Some of the steel becomes raw material for a steel mill about 45 miles away. It is melted down in a powerful electric arc. A student in my program, a metallurgist for that plant, said each "heat" uses more electricity than the entire one-day consumption of the city of College Station, population about 76,000.

Metal salvage is an entire underground economy of which I was ignorant.

On a smaller scale, men in beat-up pickup trucks troll through the neighborhoods in my community looking for scrap metal. A few months ago, I gave a lawnmower, old grill, and other scrap metal I'd been saving to a grandfather with his two grandsons. He said the local metal scrapyard paid $10/100 pounds. Two grandsons helped out as apprentices. I remember thinking this hard-working man was spending time with his grandsons, the most valuable commodity one can give a child, and teaching the value of a good worth ethic.

A few weekends ago, some nonworking rice cookers, box fans, and some other metal that I set out at the curb were picked up in less than one hour.

On a dog walk recently, I found a broken pantograph-style car jack and some other metal, which I carried home and set out behind a bush until I could accumulate enough to make it "worthwile" to pick up. A man on a bicycle spotted the metal, then knocked on the door to ask if he could take it. Of course! Now I actively look for metal to set out for the metal men to recycle and to help them make a few bucks. This scrapper said that since the economy tanked, a lot more people are turning to scrapping, which decreased the value of his daily collections by almost half.
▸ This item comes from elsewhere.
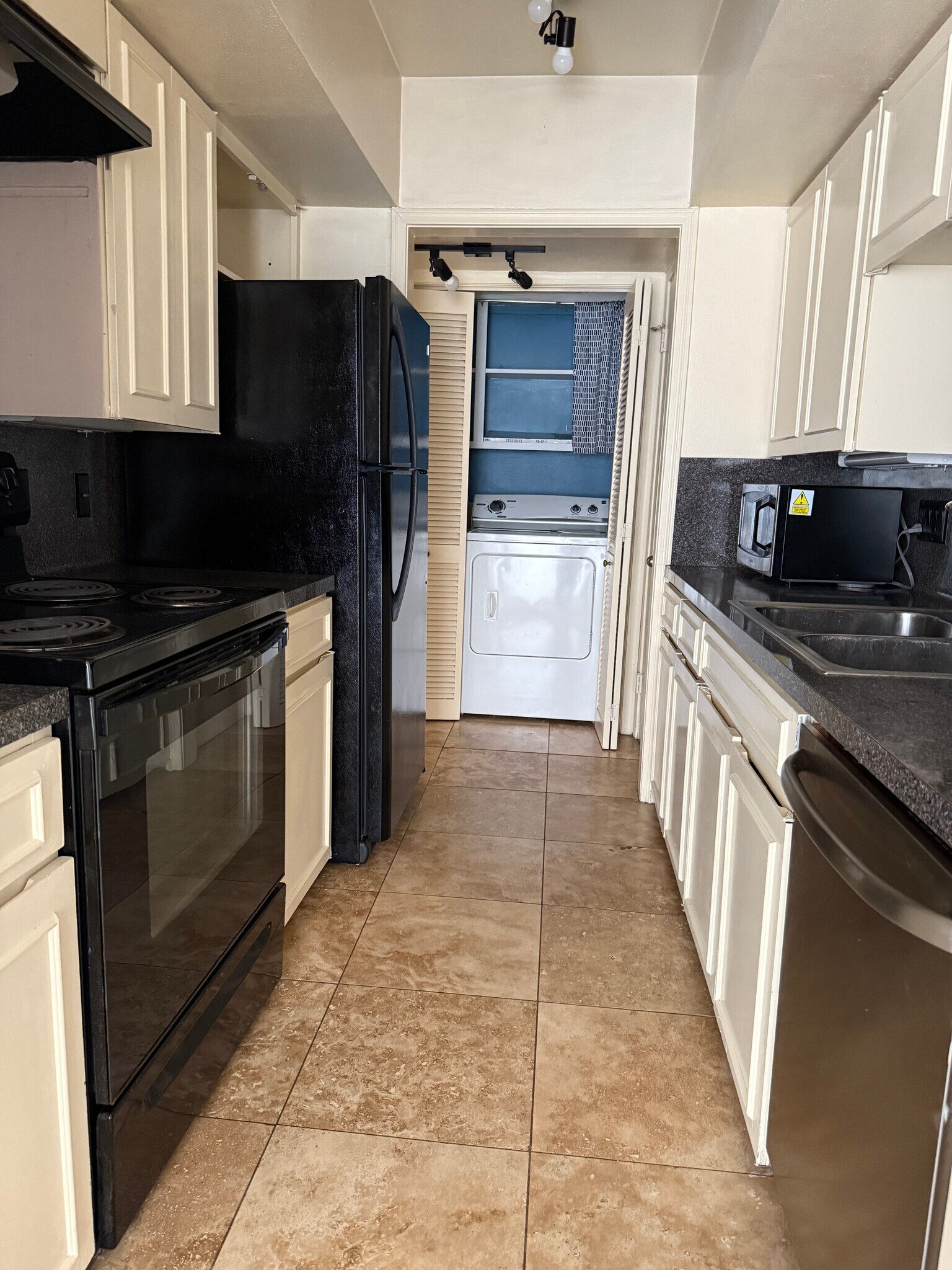 Building Photo - 2704 San Pedro St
The cleaner the purer the metal, the higher the price the salvers will pay, with bright copper fetching the highest price.

When recycling some aluminum cans, I saw the metal man there, disassembling what appears to be old electronic equipment. I returned with a tub of mixed metal for him. He carefully separated the pieces, including some brass hose bibbs.

It's a hard way to eke out a living: he works sun up to sundown. Sometimes he finds a job tearing apart an old mobile home: he is paid for his labor, then he can recycle the metal from the mobile home.

I respected this man for finding a way to make a living, difficult as it was.

1 comment:

Chile said...

There are a lot of metal salvage people in this area, too. One aspect I wonder about, though, is just how much the guys in pick-up trucks actually net considering the gas they burn to drive all over the very spread-out Tucson area & Pima County. My guess is that it is not much and that most are not actually factoring in that cost.

Out in our rural area, very few trucks cruise for metal salvage, but numerous people have craigslist ads offering to come pick up salvage. We rarely have anything big so I just take our scrap to the local Transfer Station since I haul my own recycling (weekly) and garbage (monthly). They have a big roll-off container for metal scrap.